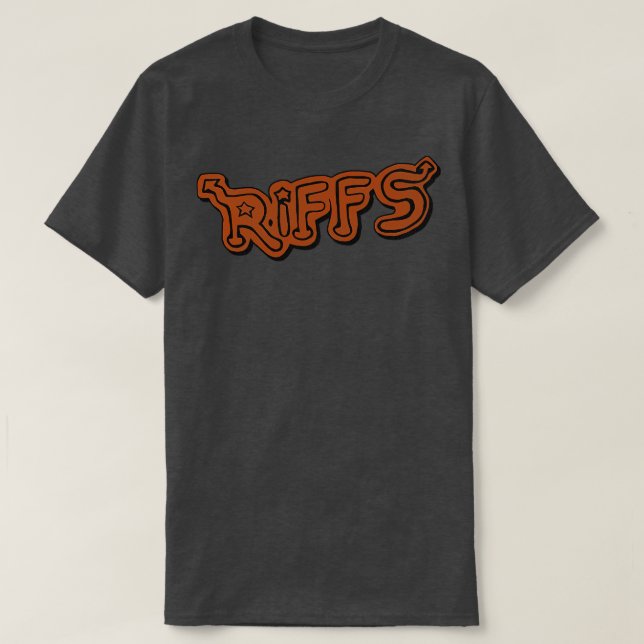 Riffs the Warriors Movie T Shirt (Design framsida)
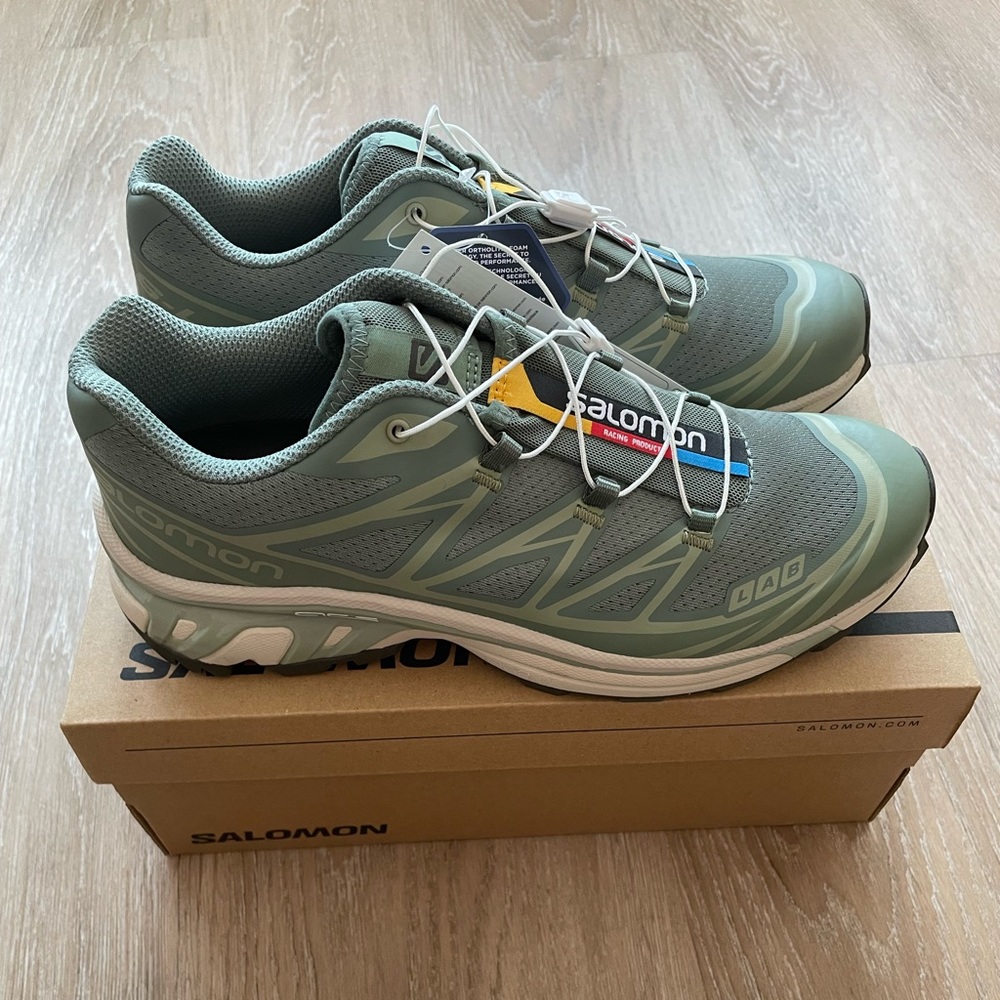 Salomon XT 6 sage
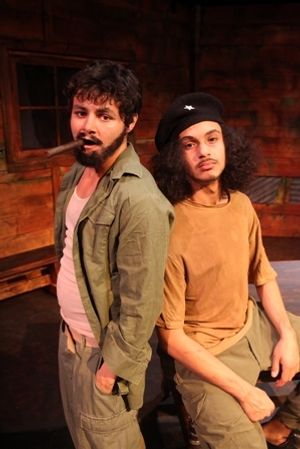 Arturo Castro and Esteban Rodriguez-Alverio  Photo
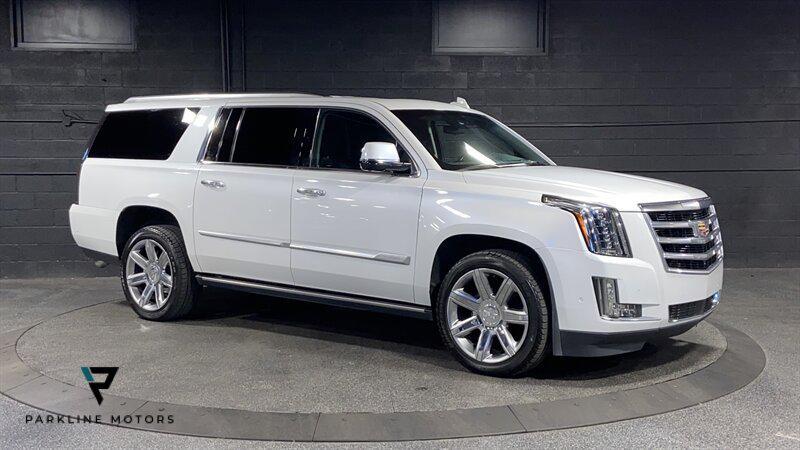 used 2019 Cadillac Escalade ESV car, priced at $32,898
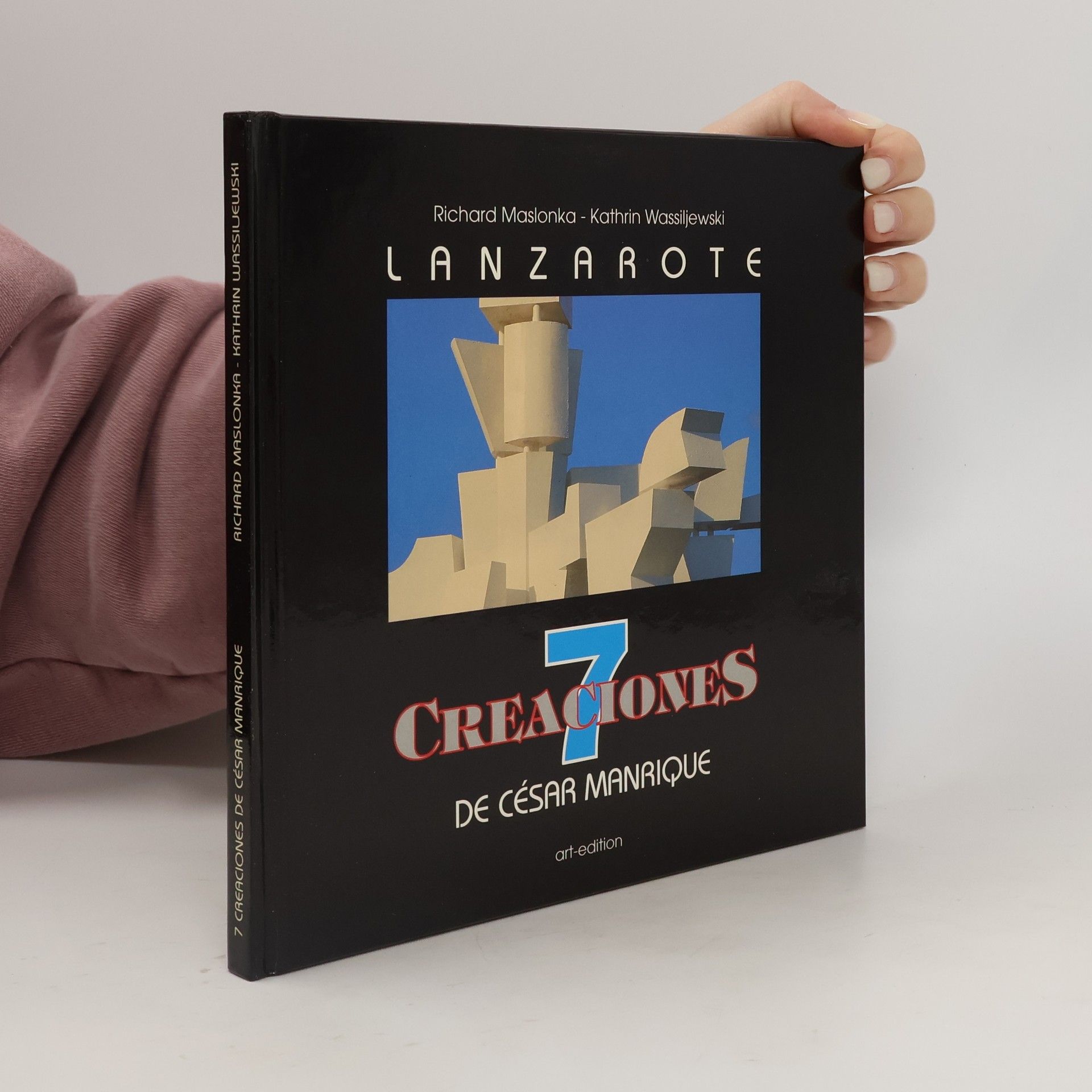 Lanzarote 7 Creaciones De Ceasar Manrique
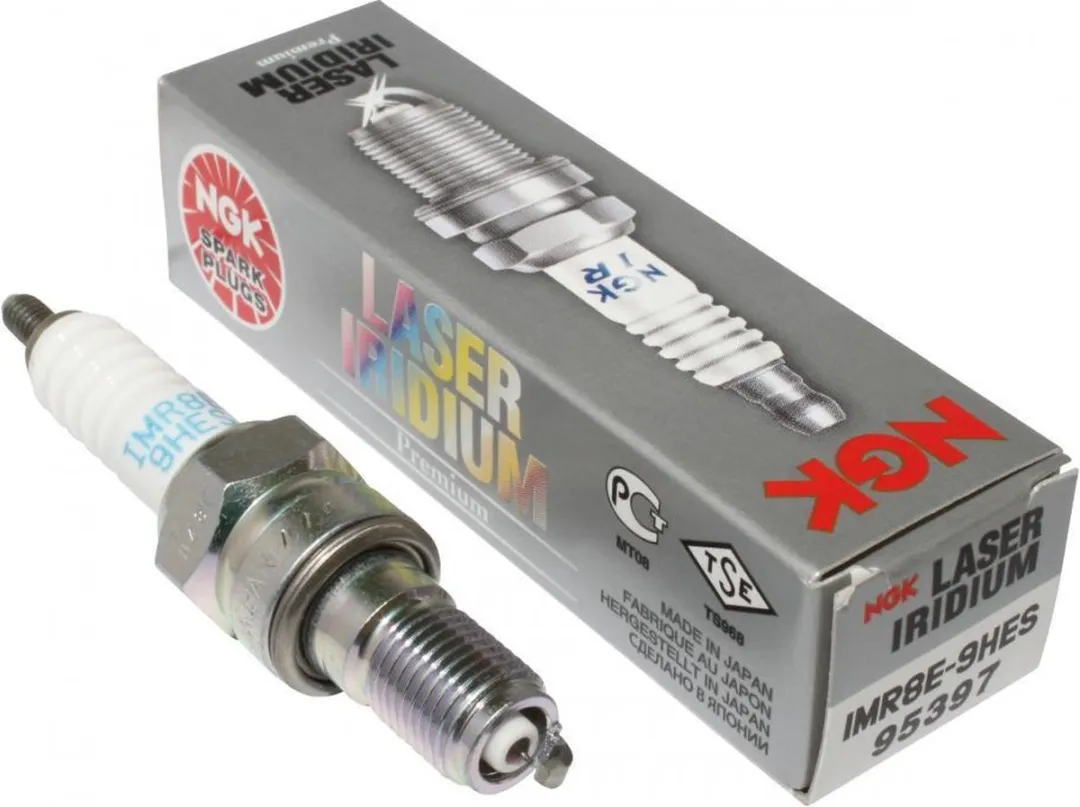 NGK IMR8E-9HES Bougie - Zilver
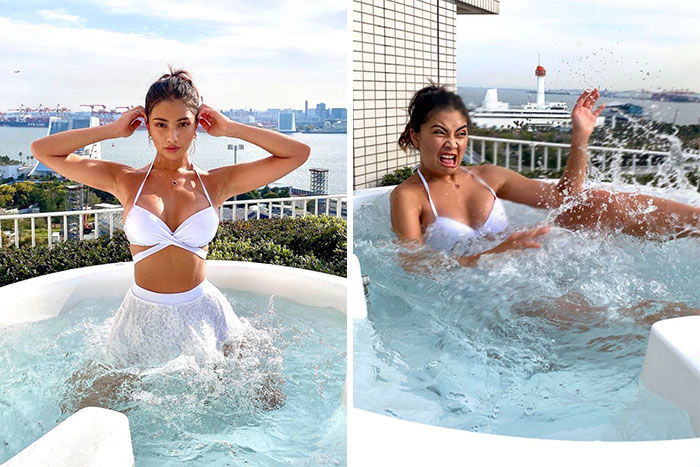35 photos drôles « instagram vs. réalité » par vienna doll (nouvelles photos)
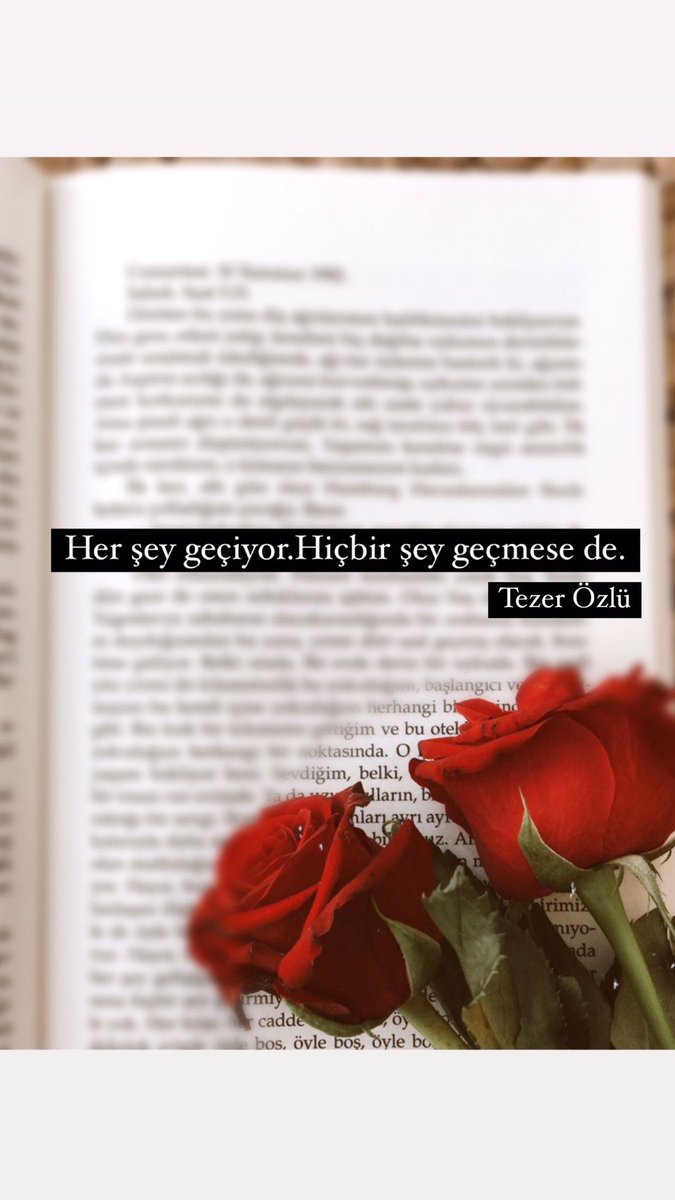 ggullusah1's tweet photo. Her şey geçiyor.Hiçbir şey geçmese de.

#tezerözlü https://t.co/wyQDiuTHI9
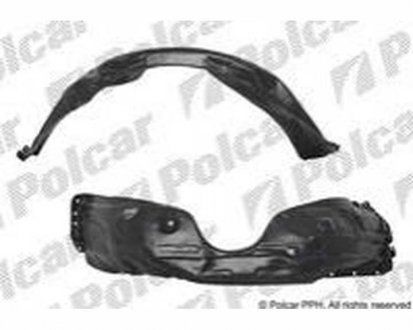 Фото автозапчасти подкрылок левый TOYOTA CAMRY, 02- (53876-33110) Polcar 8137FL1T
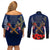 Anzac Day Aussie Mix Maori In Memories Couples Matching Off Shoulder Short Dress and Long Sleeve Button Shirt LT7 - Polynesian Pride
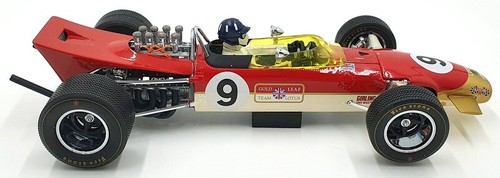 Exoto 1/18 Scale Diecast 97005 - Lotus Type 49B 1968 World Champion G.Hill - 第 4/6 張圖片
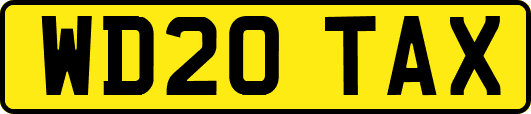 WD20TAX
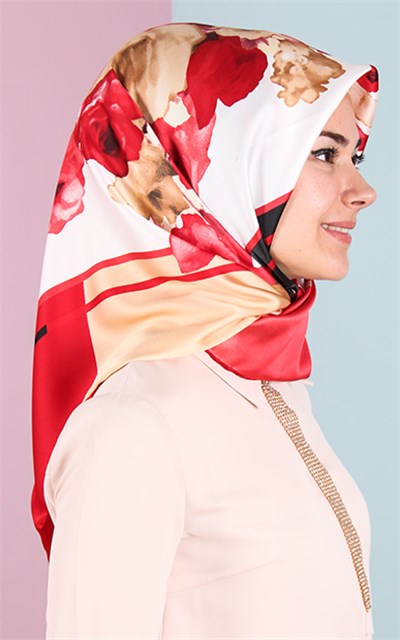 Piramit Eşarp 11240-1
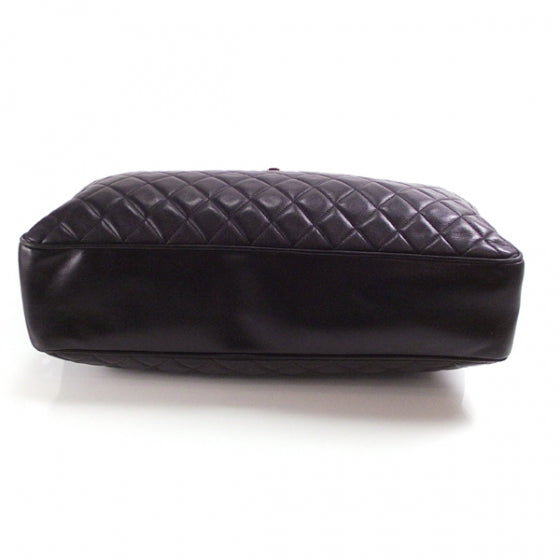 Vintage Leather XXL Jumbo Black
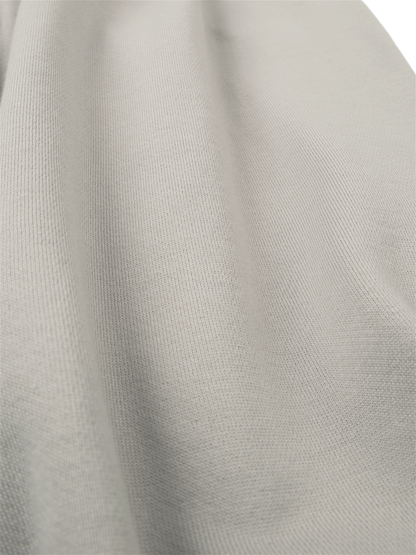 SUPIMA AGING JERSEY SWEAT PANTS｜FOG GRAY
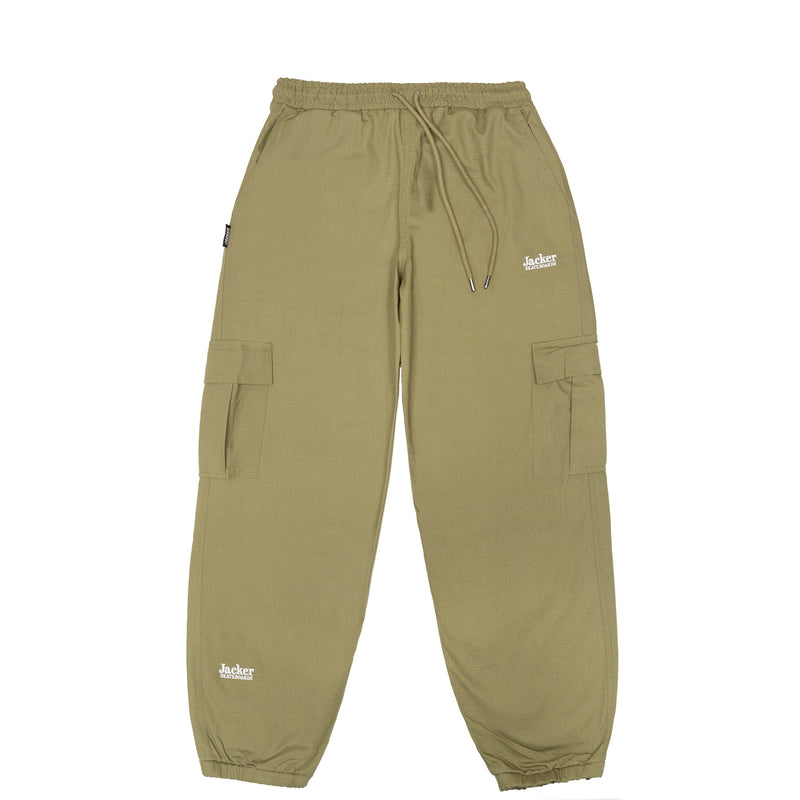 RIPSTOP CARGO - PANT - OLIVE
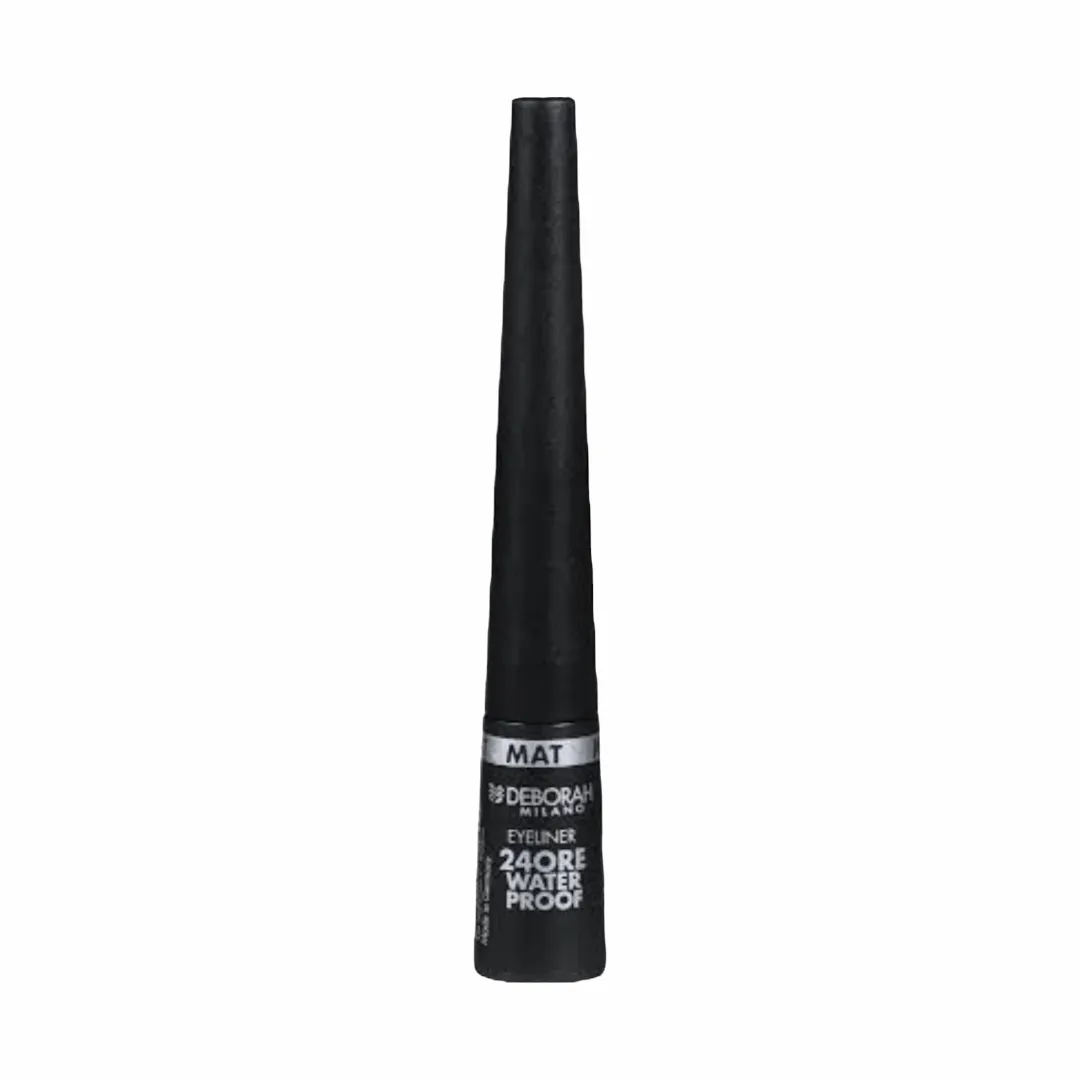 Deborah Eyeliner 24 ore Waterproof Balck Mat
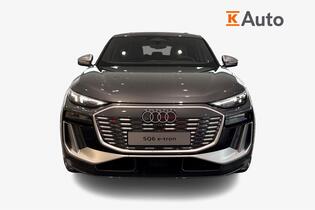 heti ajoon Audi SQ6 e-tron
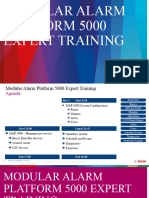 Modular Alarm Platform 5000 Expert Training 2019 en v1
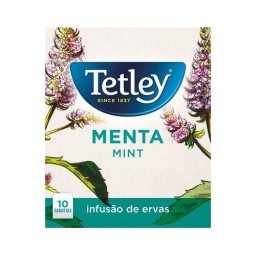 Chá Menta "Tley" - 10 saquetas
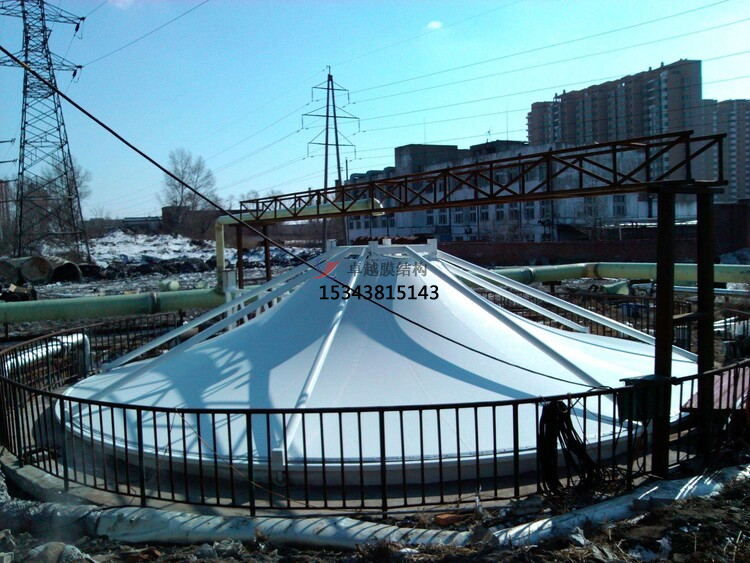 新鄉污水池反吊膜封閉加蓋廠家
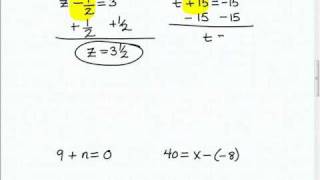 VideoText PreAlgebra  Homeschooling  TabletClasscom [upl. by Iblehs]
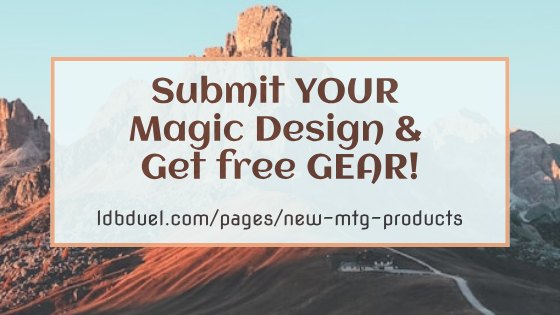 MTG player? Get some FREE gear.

#### Work order:
Without including any pictures, return every line of the records exactly.

#### Task response:
 Riffs the Warriors Movie T Shirt (Design framsida)
 Salomon XT 6 sage
 Arturo Castro and Esteban Rodriguez-Alverio  Photo
 used 2019 Cadillac Escalade ESV car, priced at $32,898
 Lanzarote 7 Creaciones De Ceasar Manrique
 NGK IMR8E-9HES Bougie - Zilver
35 photos drôles « instagram vs. réalité » par vienna doll (nouvelles photos)
 ggullusah1's tweet photo. Her şey geçiyor.Hiçbir şey geçmese de.

#tezerözlü https://t.co/wyQDiuTHI9
 Фото автозапчасти подкрылок левый TOYOTA CAMRY, 02- (53876-33110) Polcar 8137FL1T
 Anzac Day Aussie Mix Maori In Memories Couples Matching Off Shoulder Short Dress and Long Sleeve Button Shirt LT7 - Polynesian Pride
 Exoto 1/18 Scale Diecast 97005 - Lotus Type 49B 1968 World Champion G.Hill - 第 4/6 張圖片
 WD20TAX
 Piramit Eşarp 11240-1
 Vintage Leather XXL Jumbo Black
 SUPIMA AGING JERSEY SWEAT PANTS｜FOG GRAY
 RIPSTOP CARGO - PANT - OLIVE
 Deborah Eyeliner 24 ore Waterproof Balck Mat
 heti ajoon Audi SQ6 e-tron
 Modular Alarm Platform 5000 Expert Training 2019 en v1
 Chá Menta "Tley" - 10 saquetas
 新鄉污水池反吊膜封閉加蓋廠家
 VideoText PreAlgebra  Homeschooling  TabletClasscom [upl. by Iblehs]
 MTG player? Get some FREE gear.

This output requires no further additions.